Senator for St Peter's, Prince Edward Island
- In office September 21, 1995 – July 5, 1997
- Appointed by: Jean Chrétien

Personal details
- Born: July 5, 1922 St. Peters Bay, Prince Edward Island, Canada
- Died: October 16, 2022 (aged 100) Kings County, Prince Edward Island, Canada
- Party: Liberal
- Education: Acadia University (BSc, 1944); Cornell University (MSc, 1951);

= Doris Margaret Anderson =

Canadian nutritionist and senator (1922–2022)

Doris Margaret Anderson (July 5, 1922 – October 16, 2022) was a Canadian nutritionist and politician who served as a senator.

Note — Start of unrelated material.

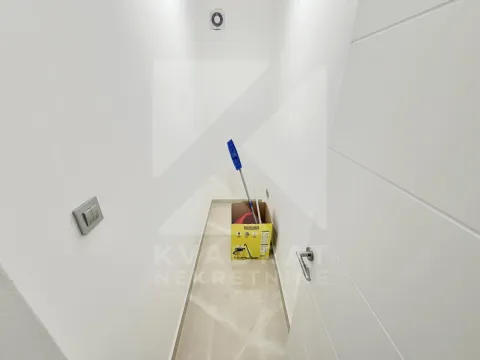 Prodaja, jednosoban stan, 60m², Preko Morače, Podgorica - image 9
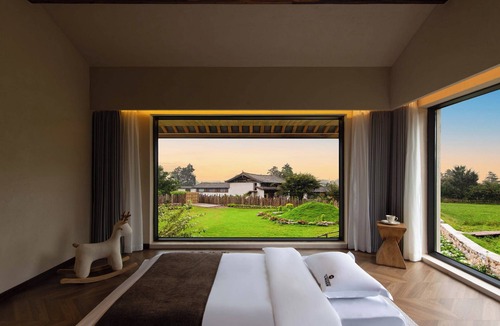 Baisha Old Town Hotel | LiJiang Mountion Spring Resort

Anderson was born at St. Peters Bay, Prince Edward Island, the daughter of William W. and Florence Anderson. She attended Prince of Wales College, Acadia University and Cornell University where she earned bachelor's and masters's degrees and was a nutritionist and educator by career. Her thesis in 1951 was entitled A History of Celiac Disease with Special Emphasis on Theories of Etiology and Treatment.

From 1948 to 1966, she was employed at Prince of Wales College in the home economics department, first as a lecturer, eventually rising to become an associate professor and department chair. She later served as a professor of home economics (1969–1980) and nutrition at the University of Prince Edward Island (1980–1988) before becoming professor emeritus in 1994. Anderson also worked with the Government of Prince Edward Island in the department of health. In 1995, Anderson was appointed to the Senate by Jean Chrétien, representing the senatorial division of St. Peter's, Kings County, Prince Edward Island. She retired at the mandatory age of 75 in 1997. She was a member of the Liberal caucus.

In 1982, she was made a Member of the Order of Canada in recognition of having been able to "help many children suffering from celiac disease and to contribute to education and mental health in her province".

Anderson died in Kings County, Prince Edward Island, on October 16, 2022, at the age of 100.